Friday, 16 March 2018

Road to Revelation: Genesis - Joseph

Whew!  Genesis is a long book!  And yet here we are at the last patriarch of Abraham's family of  promise before they grow to become a great nation, yes, it's Joseph.

Genesis 37-50



By Genesis 37 Jacob’s sons are all grown up.  One of the younger brothers, Joseph, was the favourite of his father and was sold as a slave to an Egyptian because of his brother’s jealousy.  A famine had wrecked the land of Canaan [the land promised to Abraham], forcing Jacob’s family to flee to Egypt.  Genesis ends with the people of Israel still in Egypt, living in peace while Joseph is alive.

Key Verse: Genesis 50:19-21.  Joseph realised that what his brothers intended for evil, God used for good—to keep his promises to Abraham and keep his people alive.

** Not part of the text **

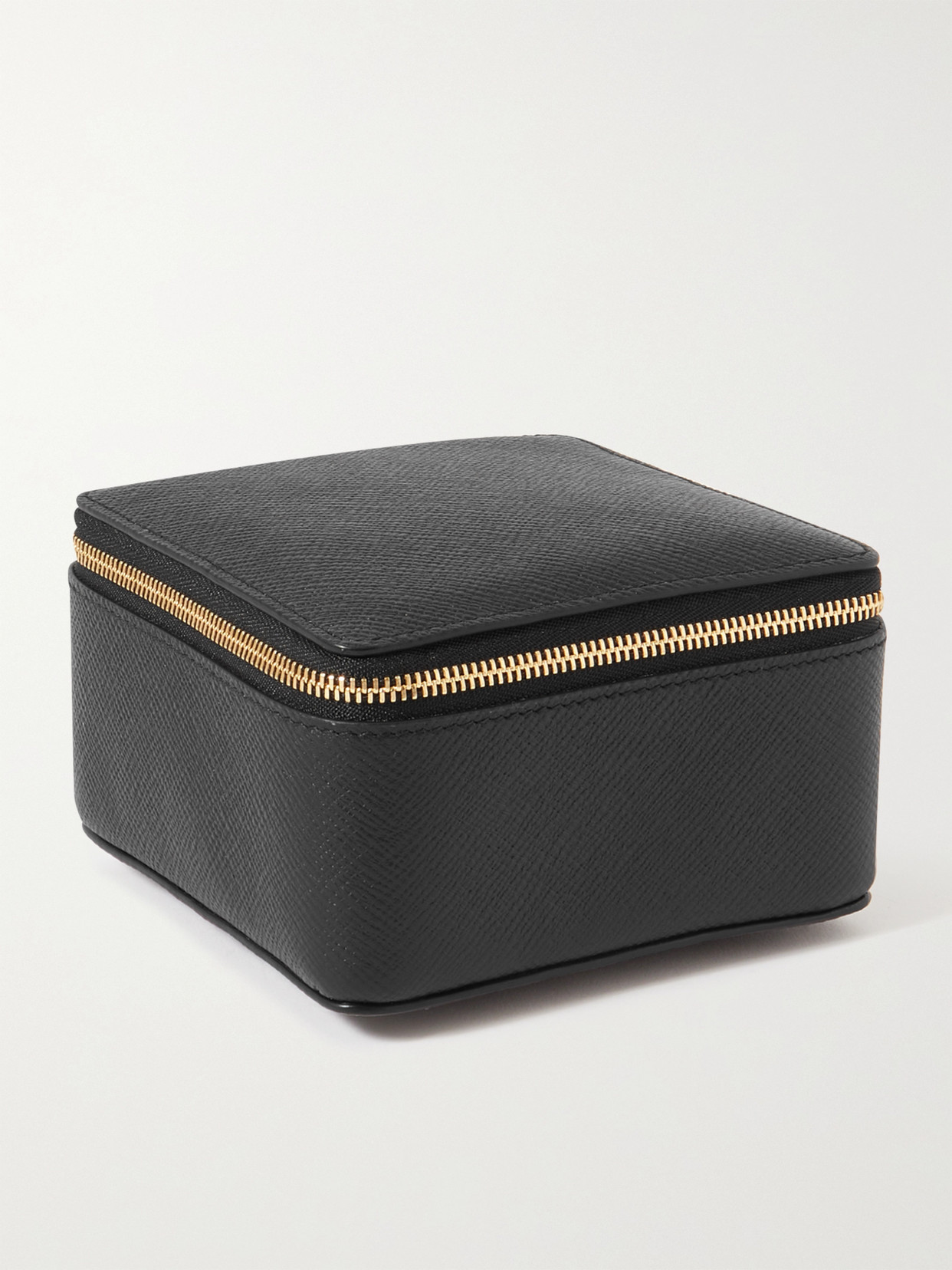 Smythson Panama Textured-leather Jewelry Case In Black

Extra Reading and Takeaway: Hebrews 11:22  Joseph knew that he had been sent to Egypt to prepare a safe haven for God’s people until it was time to go back to the promised land again.  He knew God would make a way for His promises to come to pass.  Though God’s people are a wild bunch, God remains faithful to them because He is faithful (2 Timothy  2:13).

Read also Act 7:1-16.  Stephen gives a marvelous summary of the book of Genesis from Abraham to Joseph.




Tuesday, 13 March 2018

Road to Revelation: Genesis continued - Jacob



 Now back to our regularly scheduled program ;)



Isaac had two sons; Esau and Jacob (Genesis 25:19-26).  His older, Esau, was tricked out of his birthright by his younger brother Jacob and consequently leaves the people of God's promises and becomes another people group; the Edomites (Genesis 36).  

 Jacob was a “trickster” and spent his life deceiving others for his own gain but nevertheless God used him to carry on the family line of His people.  From Jacob’s four wives we get 12 sons.  These sons became the tribes of Israel (so named because Jacob’s name was changed to Israel in Genesis 32:28) after he wrestled with God (an event symbolizing his life up to this point). 
 
Key Verse: Genesis 49:10 Jacob prophesied that Judah’s line would be the one to bring about the kings of Israel and the promised Messiah [Jesus].

Extra Reading and Takeaway: The story of Jacob illustrates to us that God sometimes chooses the most unlikely/unsuitable/unexpected people to achieve His purposes.  Romans 9:10-13 tells us that we can apply Jacob’s story to our story; that it is primarily God who chooses us, rather than us choosing Him.  And that none of us are too tricksy or sinful to be excluded from God's promises made to us through Jesus Christ.